Verbatim output, no pictures: the lines from the beginning of the material through the line with "Garaje cubierto con", both ends kept.

▸ Given data

● ● ● ●

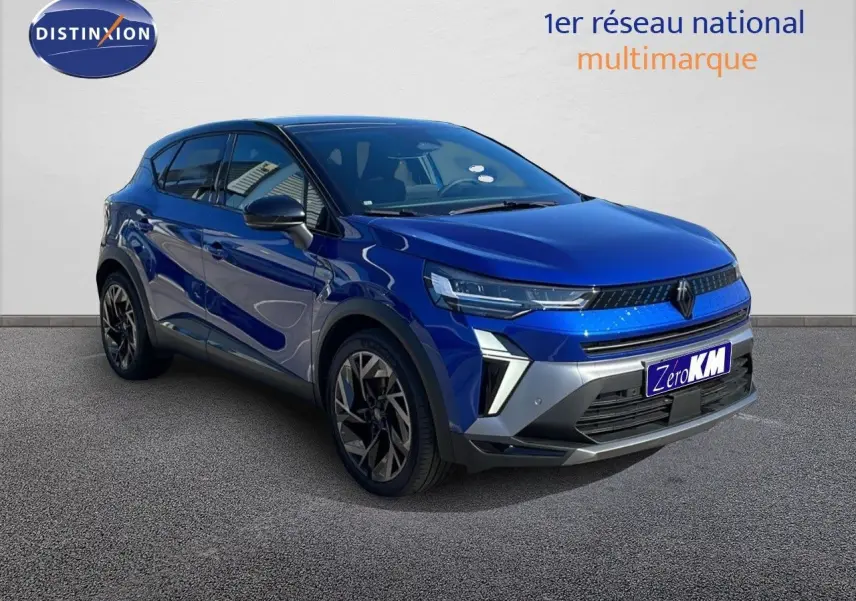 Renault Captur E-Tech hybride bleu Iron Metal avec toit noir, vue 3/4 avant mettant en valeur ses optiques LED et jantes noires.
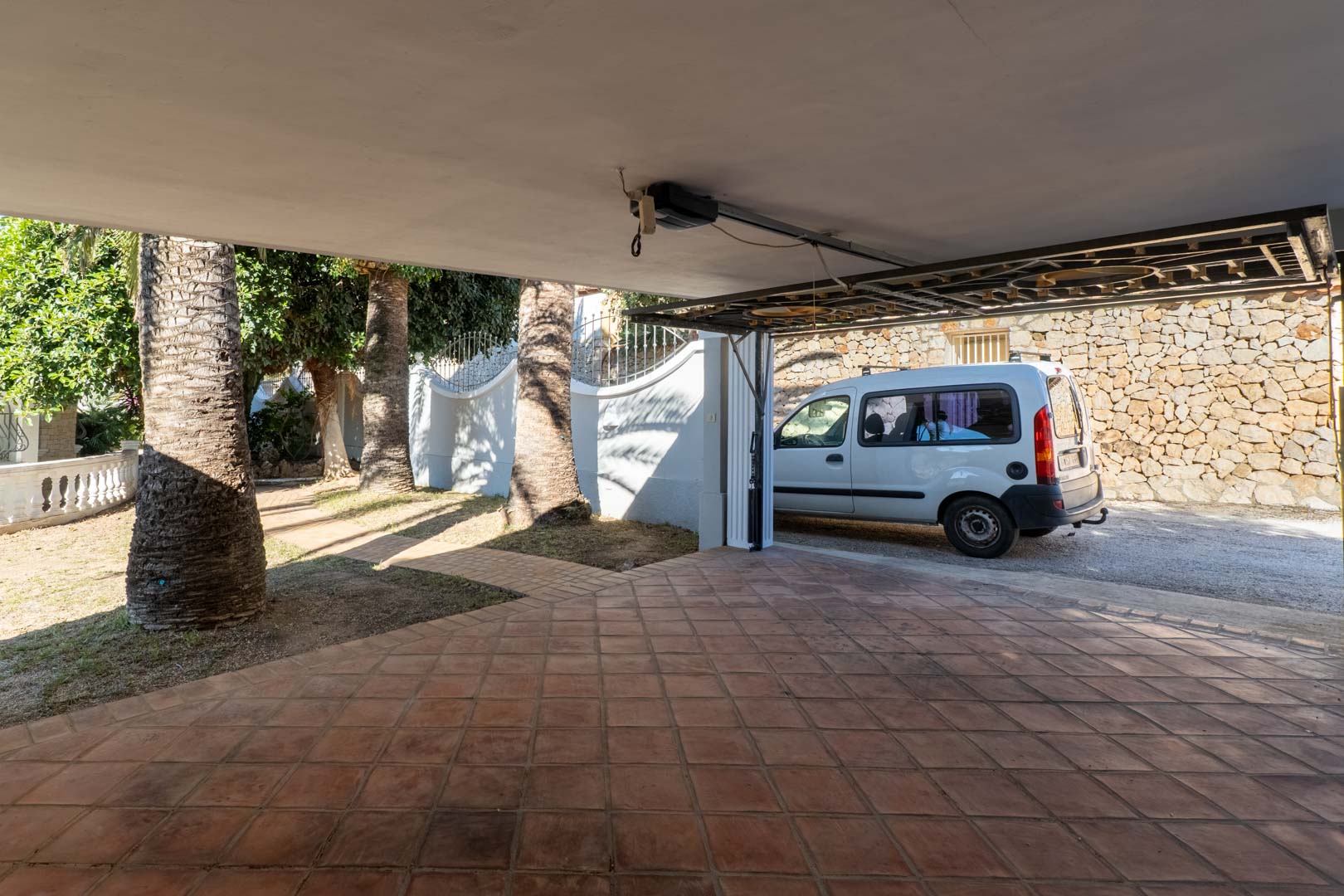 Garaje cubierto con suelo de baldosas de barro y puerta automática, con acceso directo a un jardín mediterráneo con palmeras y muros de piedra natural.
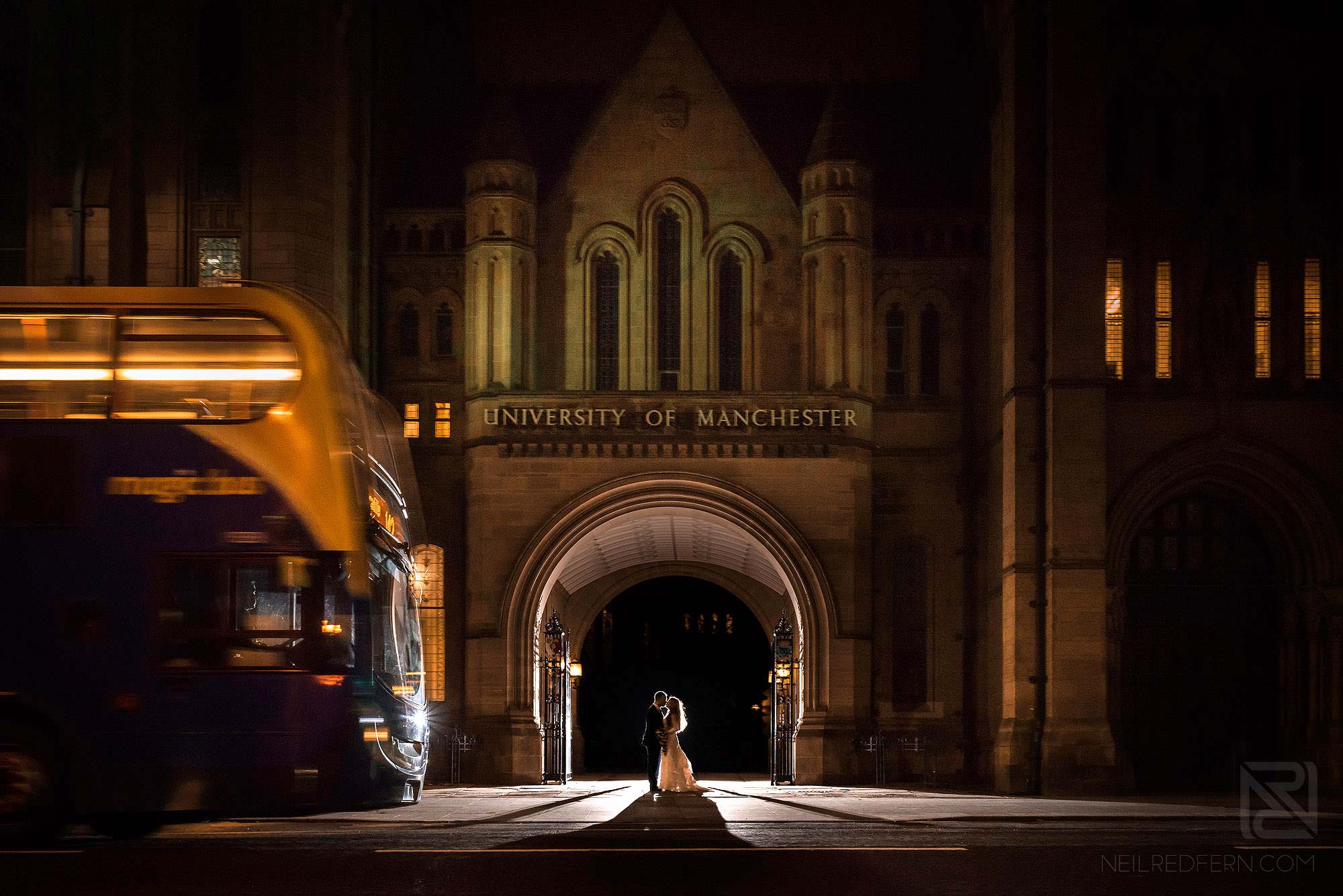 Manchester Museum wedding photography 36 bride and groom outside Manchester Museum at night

● ● ● ●

▸ Solution for this task
 Renault Captur E-Tech hybride bleu Iron Metal avec toit noir, vue 3/4 avant mettant en valeur ses optiques LED et jantes noires.
 Garaje cubierto con suelo de baldosas de barro y puerta automática, con acceso directo a un jardín mediterráneo con palmeras y muros de piedra natural.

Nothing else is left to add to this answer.